We have the requireFile function for similar cases, but such derivations tend to be harder to get into nixpkgs, I think. You can’t get CI on Hydra, and the set of human testers gets also necessarily restricted a lot, so such packages tend to rot. Maybe better publish a flake style package somewhere.

3 Likes

Hi, I wanted to add that I’ve packaged shipwright, an Ocarina of Time PC port, together with PaulGrandperrin. That uses requireFile as @vcunat said and has an unfree license set as well so hydra won’t build it. I do personally think this would be fine to have in nixpkgs, seeing how it already has two maintainers who are willing to review/update it.

Paul has written a few patches to move some runtime configuration files to XDG dirs instead of attempting to write to the nix store / the users PWD, which is much appreciated.
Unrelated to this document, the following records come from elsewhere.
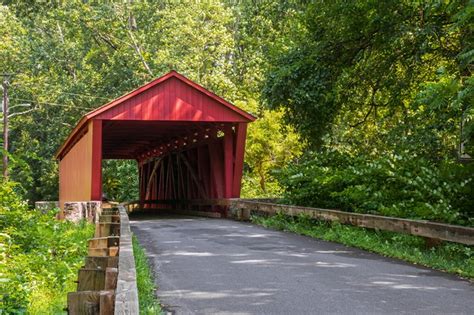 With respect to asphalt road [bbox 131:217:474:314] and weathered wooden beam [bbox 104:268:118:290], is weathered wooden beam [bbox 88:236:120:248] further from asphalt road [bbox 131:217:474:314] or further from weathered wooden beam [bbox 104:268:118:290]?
weathered wooden beam [bbox 104:268:118:290]

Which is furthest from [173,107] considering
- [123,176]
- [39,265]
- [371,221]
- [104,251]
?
[123,176]

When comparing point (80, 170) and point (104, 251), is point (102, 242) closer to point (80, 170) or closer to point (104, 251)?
point (104, 251)

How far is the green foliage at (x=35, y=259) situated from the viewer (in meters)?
5.52

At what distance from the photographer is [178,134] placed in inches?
869

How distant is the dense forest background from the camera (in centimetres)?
1001

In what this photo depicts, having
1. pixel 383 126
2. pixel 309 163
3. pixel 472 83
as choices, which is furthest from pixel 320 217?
pixel 383 126

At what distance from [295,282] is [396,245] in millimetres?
3046

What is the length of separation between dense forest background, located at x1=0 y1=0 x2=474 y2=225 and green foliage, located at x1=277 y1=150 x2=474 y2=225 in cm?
3

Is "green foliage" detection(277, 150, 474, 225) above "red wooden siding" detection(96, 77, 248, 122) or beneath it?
beneath

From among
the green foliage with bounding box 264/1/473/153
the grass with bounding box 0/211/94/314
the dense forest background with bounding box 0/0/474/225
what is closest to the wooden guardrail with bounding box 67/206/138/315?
the grass with bounding box 0/211/94/314

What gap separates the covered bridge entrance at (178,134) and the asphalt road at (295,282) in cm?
698

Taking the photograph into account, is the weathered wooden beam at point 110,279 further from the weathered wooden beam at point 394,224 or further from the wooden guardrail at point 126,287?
the weathered wooden beam at point 394,224

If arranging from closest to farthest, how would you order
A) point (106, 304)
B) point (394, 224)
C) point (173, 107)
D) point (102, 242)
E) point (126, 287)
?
point (106, 304)
point (126, 287)
point (102, 242)
point (394, 224)
point (173, 107)

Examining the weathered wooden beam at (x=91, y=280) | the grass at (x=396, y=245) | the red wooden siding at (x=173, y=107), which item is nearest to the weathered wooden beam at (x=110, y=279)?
the weathered wooden beam at (x=91, y=280) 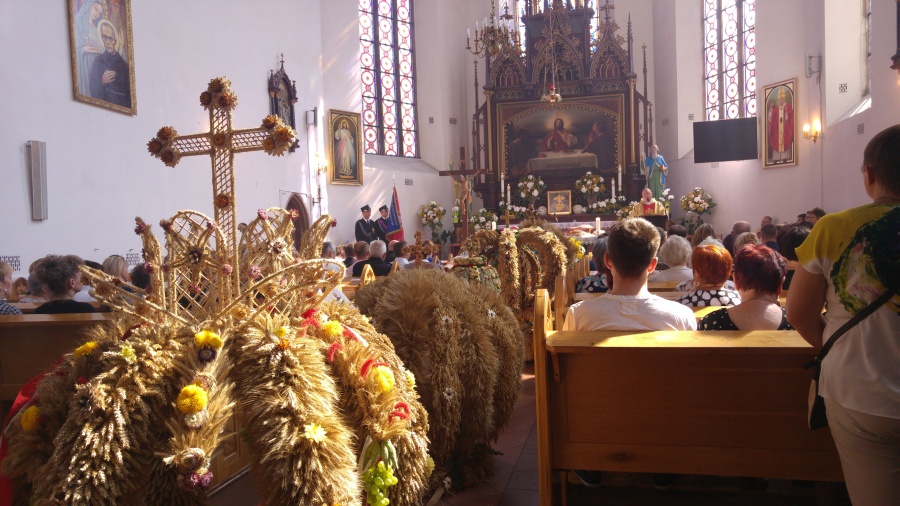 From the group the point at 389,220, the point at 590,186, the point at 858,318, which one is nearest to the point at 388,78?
the point at 389,220

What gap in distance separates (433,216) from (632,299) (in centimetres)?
1430

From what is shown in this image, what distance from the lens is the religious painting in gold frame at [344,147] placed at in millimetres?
14508

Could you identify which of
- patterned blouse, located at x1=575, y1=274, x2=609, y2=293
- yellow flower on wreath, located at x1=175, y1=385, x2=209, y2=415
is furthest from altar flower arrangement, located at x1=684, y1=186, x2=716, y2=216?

As soon as his PR to my nixpkgs fork is merged I will PR the derivation to nixpkgs. For now you can take a look at the code here: shipwright: patch for asset, data and conf locations by PaulGrandperrin · Pull Request #1 · IvarWithoutBones/nixpkgs · GitHub. I’ve already played through the game a little bit, noticed a few crashes here and there but it’s very playable :slight_smile:

Is there still interest in building the N64 rom itself? If yes, I could look into that as well.